# Question on largemouth with bluegill mount??



## Chad2130 (Feb 1, 2013)

This is my first post so hello everyone glad to join!! 

I have a question on a mount that im thinking about. I just want anyones opinions please.

I caught a 7 1/2 pound 23 1/2 inch largemouth last year and i still have it preserved in my freezer. I also caught a 11 1/2 inch blue gill about 3 years ago. Just have pics and measurements for replica. Not sure what the gill weighed, close to a pound.

What does everyone think about me mounting the bass with its mouth open chasing the blue gill? 

I dont know if itd look unproportional since the blue gill is about half the length of the bass. The bass's mouth is huge, still not big enough to fit the gill though. 

I know predator fish will try to eat fish that are to big for them to swallow sometimes but is this to much to look right??

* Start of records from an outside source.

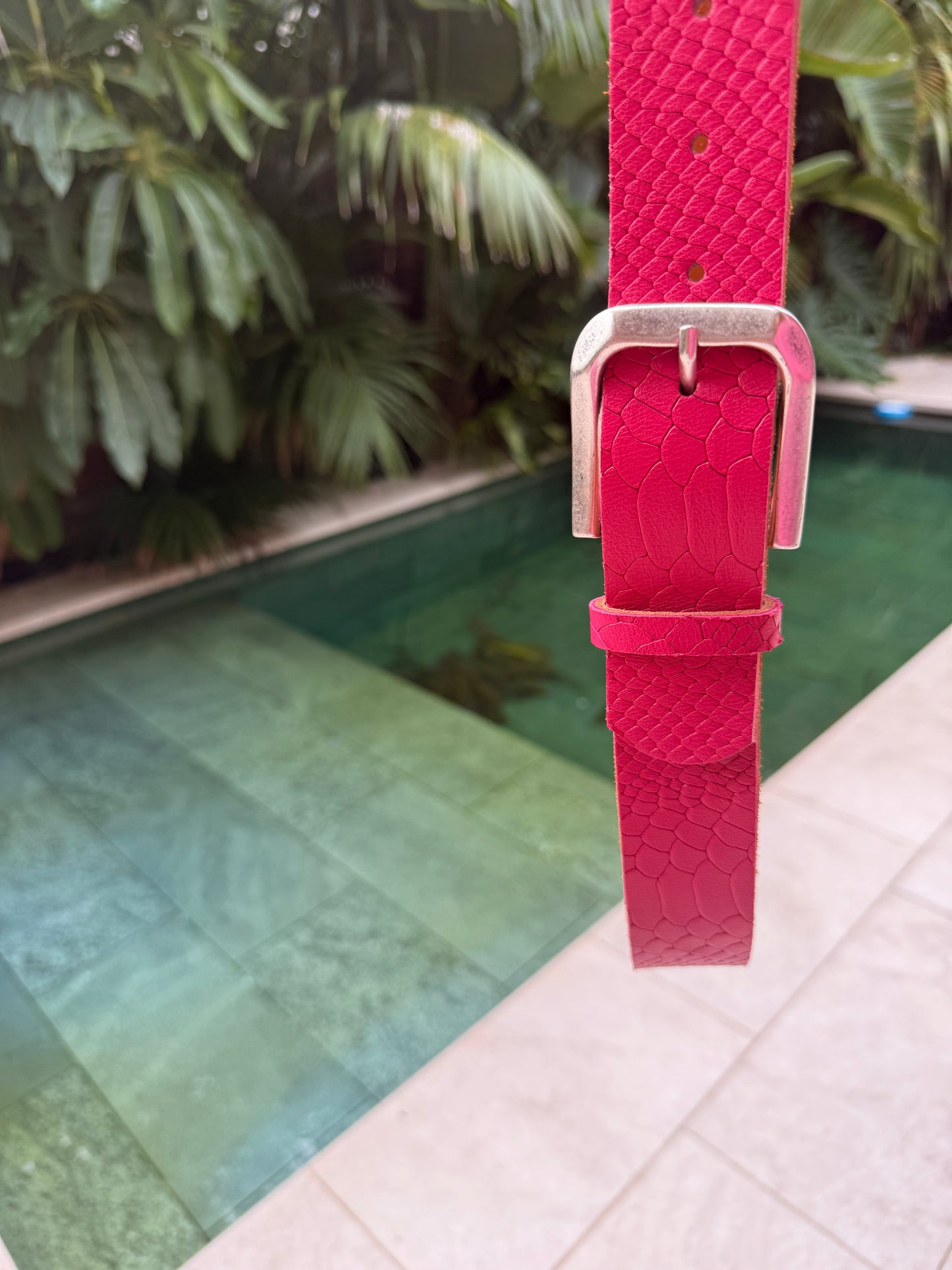 CINTURÓN CROCRO FUCSIA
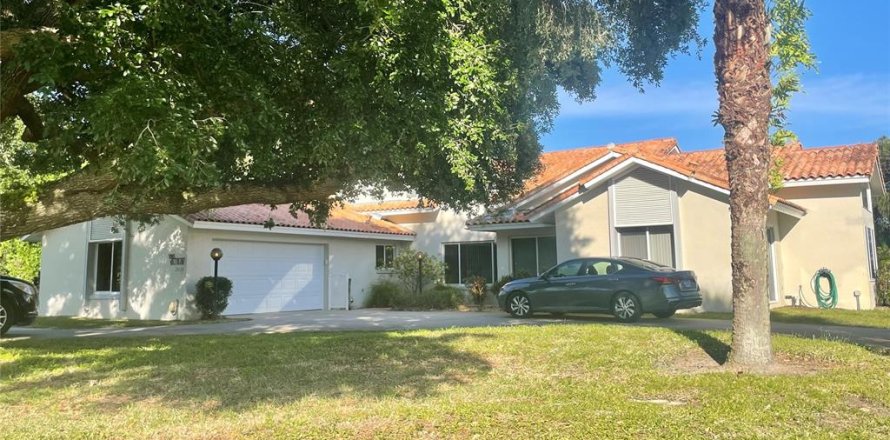 Casa en Clermont, Florida 4 dormitorios, 294.41 m2 № 1130469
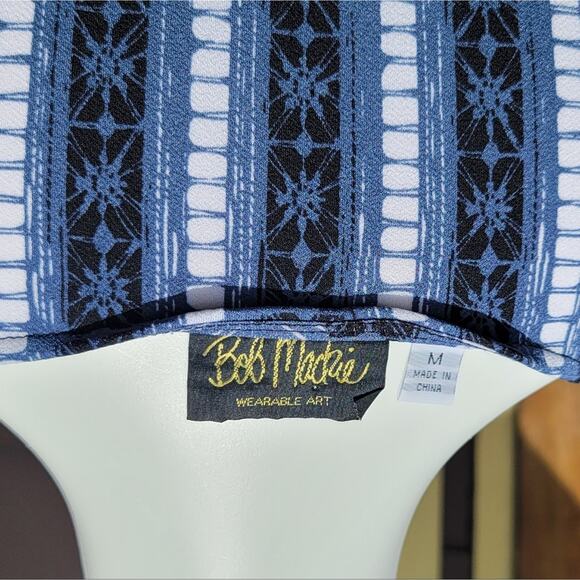 Bob Mackie Wearable Art blue daisy chain diagonal contrast tunic size M - Picture 5 of 8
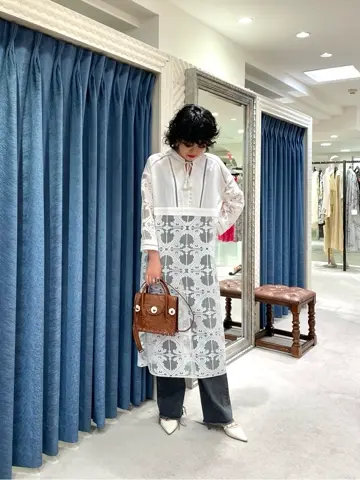 GRACE CONTINENTAL yoshi コーディネート画像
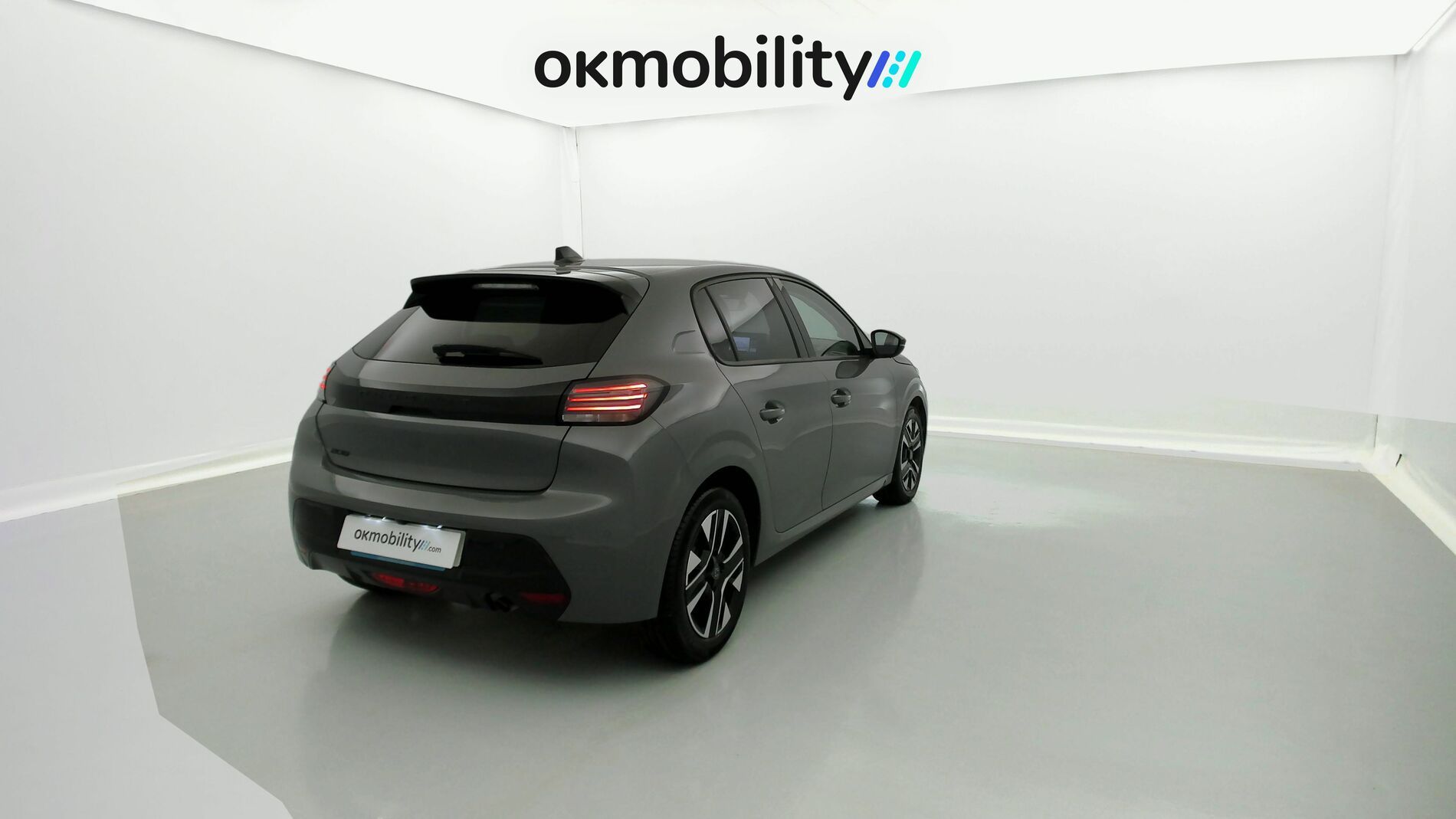 peugeot 208 allure 1.2 PURETECH 100 2024 grigio selenium 11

I want honest opinions if im about to spend over 500$ so dont be scared to say itd look stupid lol.Thanks to anyone who will share opinions


----------



## lastflighttaxidermy (Jul 12, 2010)

I think it would look a little funny but thats me. That being said maybe do a scene with the bass and gill and not the fish eating fish pose. Just a thought.

posted using Outdoor Hub Campfire


----------



## Big Frank 25 (Feb 21, 2002)

How about that gill chasing the bass off it's spawning bed?


----------



## DFJISH (Mar 30, 2009)

IMO displaying TWO extremely large fish like that _together_ would diminish the size impact of both of them. The two fish you described should definitely NOT be mounted together. Just my opinion of course. Those are two_ exceptionally_ large fish for Michigan. Congrats!


----------



## Mitchell Ulrich (Sep 10, 2007)

Mount then sepreately.


----------



## Tiarafied (Nov 12, 2012)

Another factor- I don't care how good the taxi is, no reproduction is as good as a skin mount. Putting the 2 together would be a mistake. 


Posted using Outdoor Hub Campfire


----------